2017-02-28 Thread Paul Gilmartin
On Tue, 28 Feb 2017 07:25:32 -0600, Elardus Engelbrecht wrote:

>Tom Marchant wrote:
>
>>Some time between 1967 and 1970.
>
>I think the limits of 40 or 100 characters were based on a quick way (without 
>using tapes or extra punch cards) to give shortish parameters to a program 
>using puch cards.

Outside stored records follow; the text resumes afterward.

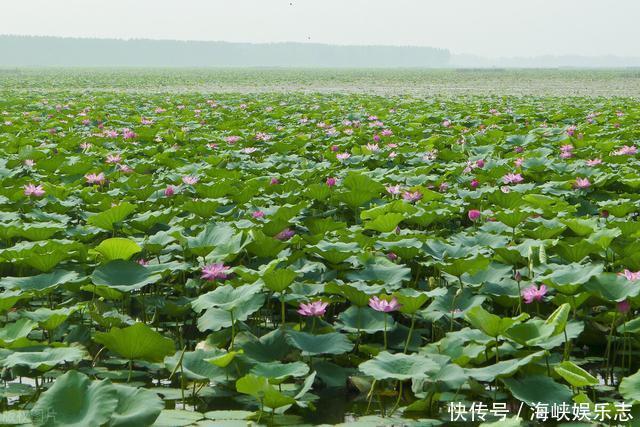 中年|微山湖为何成了“香饽饽”两省三市都“虎视眈眈”?微山湖游记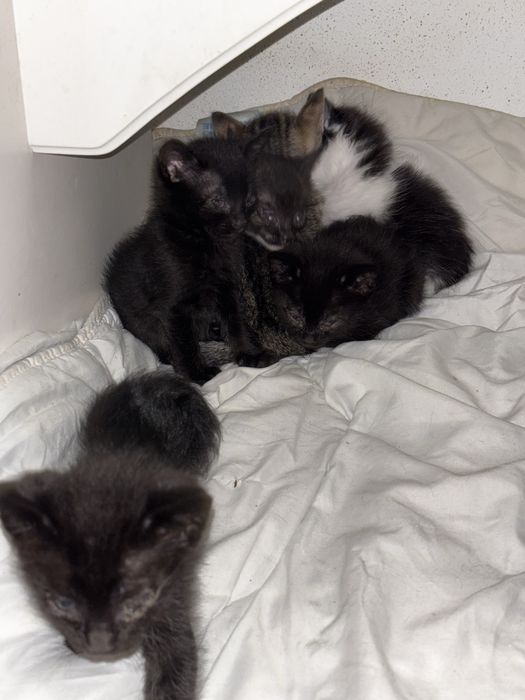Gatinhos para dar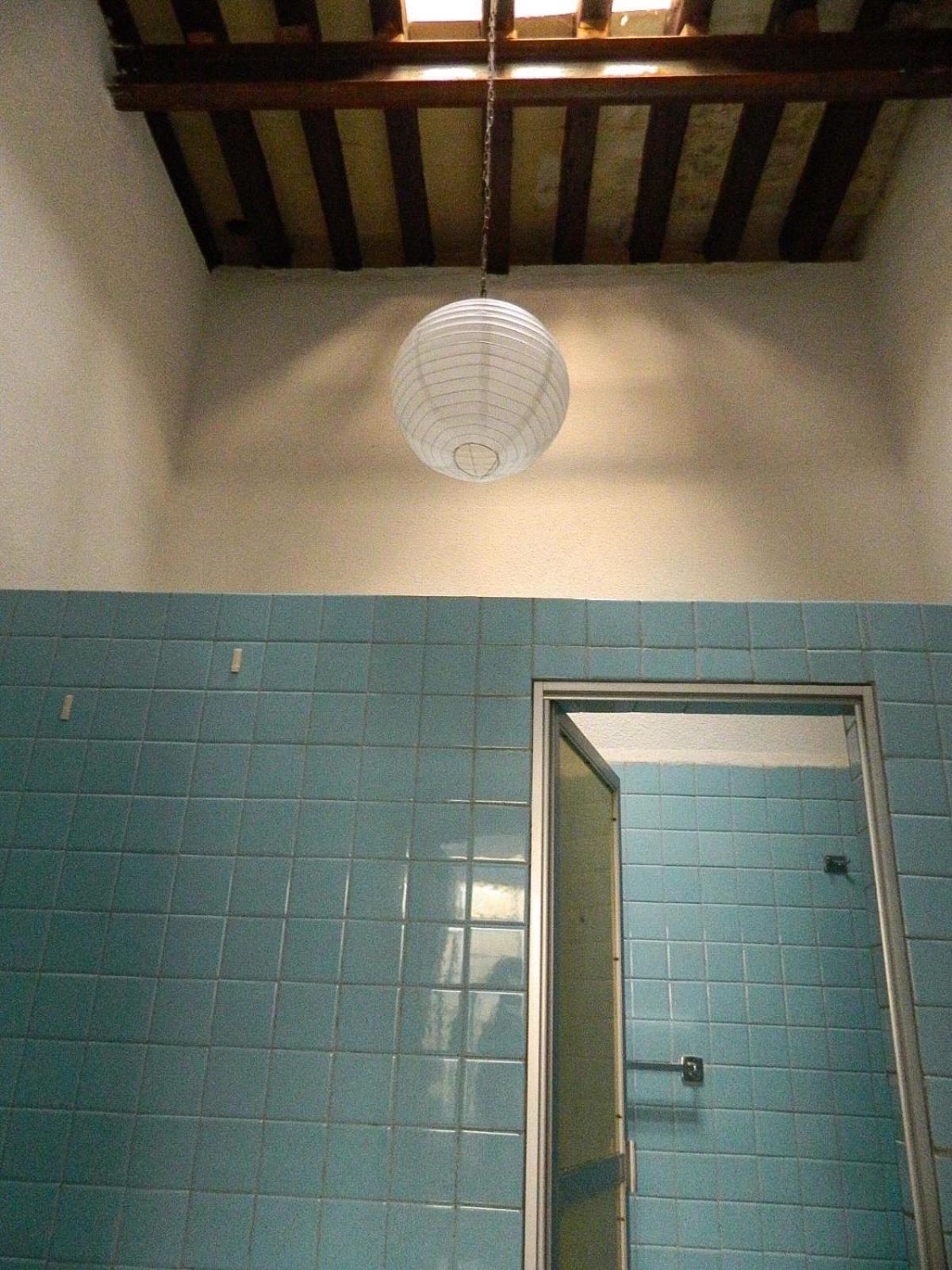 Lele Panchito Y Lavanda Juntos En El Centro Querétaro Zewnętrze zdjęcie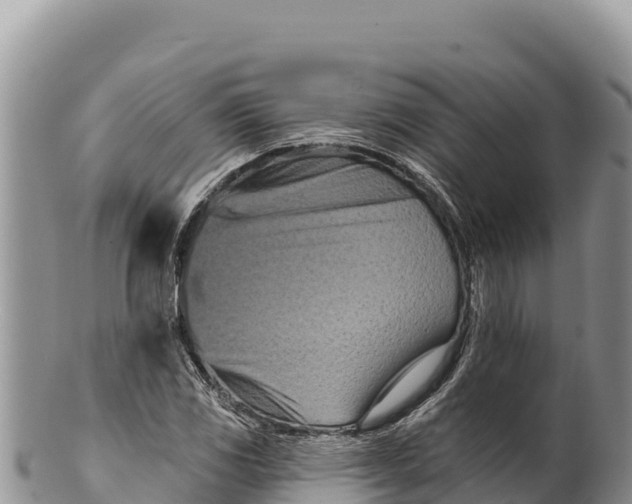 X0000100211117200806201438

Or so it was told to me by an oldie years ago.
> 
My surmise, also.

>Amazing how they worded same things then and now.
> 
When was "dataset" banished in favor of "data set"?

>>See page 85 of 
>>http://bitsavers.trailing-edge.com/pdf/ibm/360/os/R19_Jun70/GC28-6704-0_JCL_Reference_Rel_19_Jun70.pdf


On Tue, 28 Feb 2017 06:33:42 -0600, Tom Marchant  
wrote:
>
>>When did it change to 100?
>
>Some time between 1967 and 1970.
>
>See page 85 of 
>http://bitsavers.trailing-edge.com/pdf/ibm/360/os/R19_Jun70/GC28-6704-0_JCL_Reference_Rel_19_Jun70.pdf
>for OS/360, dated June, 1970
>
>See also page 18 of the fifth edition of the OS/360 JCL manual, dated 
>March, 1967, where the limit is specified as 40 characters.
>
>http://bitsavers.trailing-edge.com/pdf/ibm/360/os/R01-08/C28-6539-4_OS_JCL_Mar67.pdf
>
Ah!  That shows that (at least at one time) it was possible to increase
the length of the PARM without introducing intolerable incompatibilities.

Where's the PROC statement described?  I find it neither in the ToC nor
in the Index although there are numerous mentions of "catalogued"
proc[edures].  (PROCs aren't catalogued; procedure libraries are.)

I'm curious because others have said (in this forum?) that earliest PROCs
had no arguments; all modification was done by overrides.  So, at that
time symbols didn't exist in JCL, neither as PROC formal parameters nor
in the (relatively recent) SET statment.